Pesten begint meestal met iets kleins, een andere aanpak van zaken. Neem bijvoorbeeld een nieuwe collega voor wie het belangrijk is om volgens protocol te werken, want dat geeft houvast. De andere collega vindt dit niet nodig, want eigenlijk is zij bang voor meer administratie. Deze collega zegt tegen haar collega’s dat ze de nieuwe collega onzeker vindt. De nieuwe collega staat nu in het hele team bekend als diegene die onzeker is. De gepeste collega voelt zich niet thuis en zal zich afzonderen en haar werk nog meer op haar eigen manier doen, waardoor het pestgedrag vaak toeneemt.
De gevolgen van pesten zijn groot voor de gezondheid en inzetbaarheid. Bijna de helft van de medewerkers die gepest wordt, is hierdoor van slag en mentaal minder fit. Een deel hiervan valt uit en een ander deel functioneert minder goed op het werk. Medewerkers die gepest worden, vinden het lastig om dit te melden bij collega’s en/of leidinggevenden. Veel lastiger dan pesterijen door patiënten/cliënten of verwanten. Ook collega’s van medewerkers die gepest worden vinden het moeilijk om dit te melden, bang om er onderdeel van te worden. Medewerkers die zelf pesten zijn zich hier vaak niet van bewust. Ze denken dat ze een beetje plaggen en hebben niet in de gaten wat de mentale impact is voor hun collega. En wat voor negatieve invloed dit heeft op de werksfeer. Het resultaat hiervan is dat pestgedrag dus lang door kan gaan en voor een steeds onveiligere werksituatie zorgt.
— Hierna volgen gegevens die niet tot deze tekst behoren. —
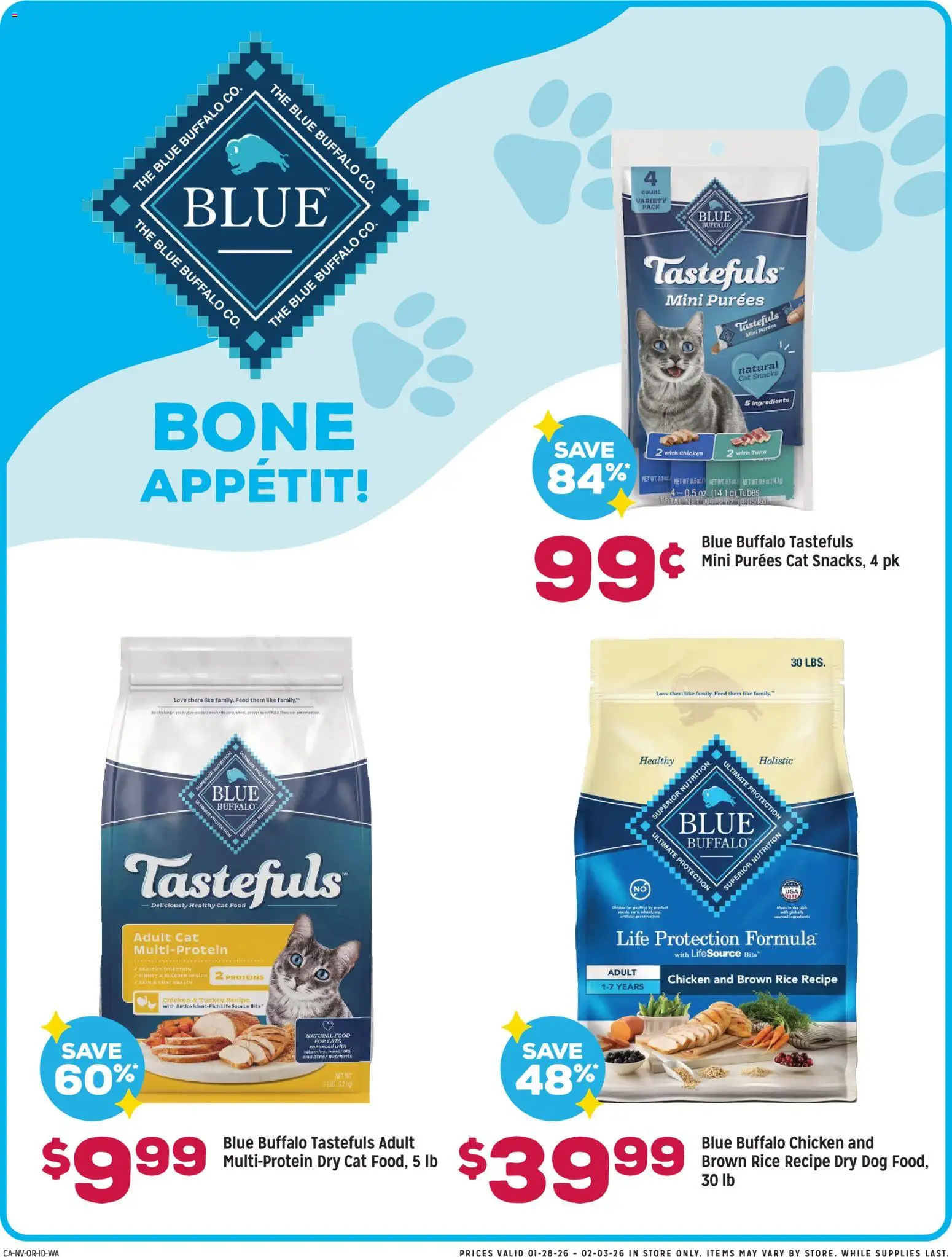 Grocery Outlet Weekly Ad - ID - valid from 28.01.2026 | Page: 4 | Products: Cat Food, Rice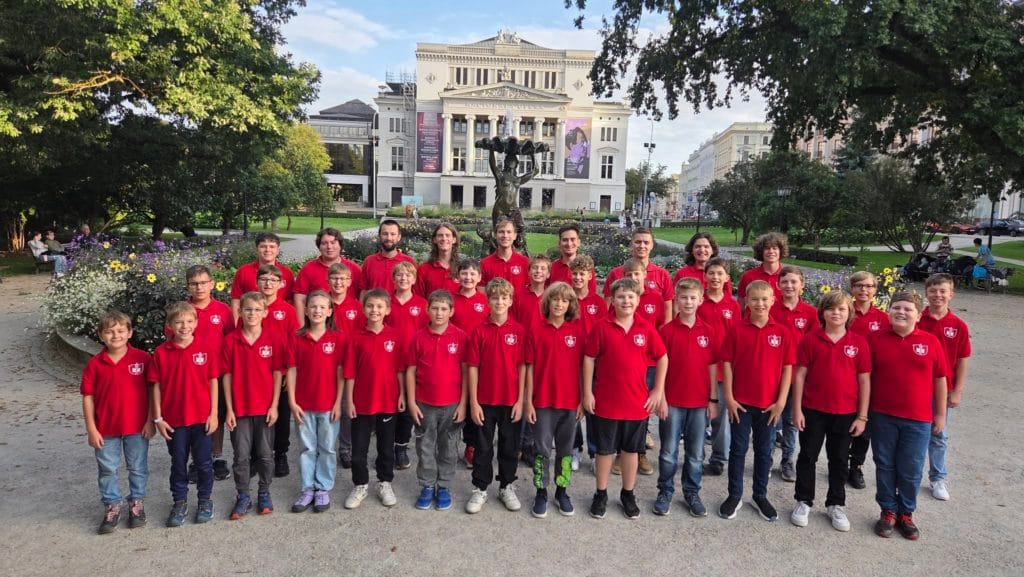 スロバキアのブラチスラバ少年合唱団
Om pestgedrag aan te pakken speelt de leidinggevende een cruciale rol. Een ‘slechte’ leidinggevende zorgt ervoor dat pestgedrag niet aangepakt wordt. Een ‘goede’ leidinggevende is de eerste persoon naar wie je toegaat als je gepest wordt en dit aangepakt moet worden. Daarnaast geven medewerkers aan dat (speciaal getrainde) collega’s belangrijk zijn om pesten te voorkomen. Als het niet lukt om het op de werkvloer aan te pakken dan zijn professionele zorgverleners en de vertrouwenspersoon belangrijke sleutelfiguren.
Pesten begint dus vaak onbewust en klein. We moeten van onbewust bekwaam naar bewust bekwaam. Oftewel ons bewust zijn van ons gedrag en wat dit met een ander doet. Heb oog voor elkaar en kijk hoe iemand reageert op bijvoorbeeld een grap. We moeten alles durven te bespreken, maar dit is in de praktijk vaak lastig. Op 19 april is er de Dag tegen het pesten. Vraag jezelf dan eens af: Pest ik ook wel eens en wat ga ik hieraan doen?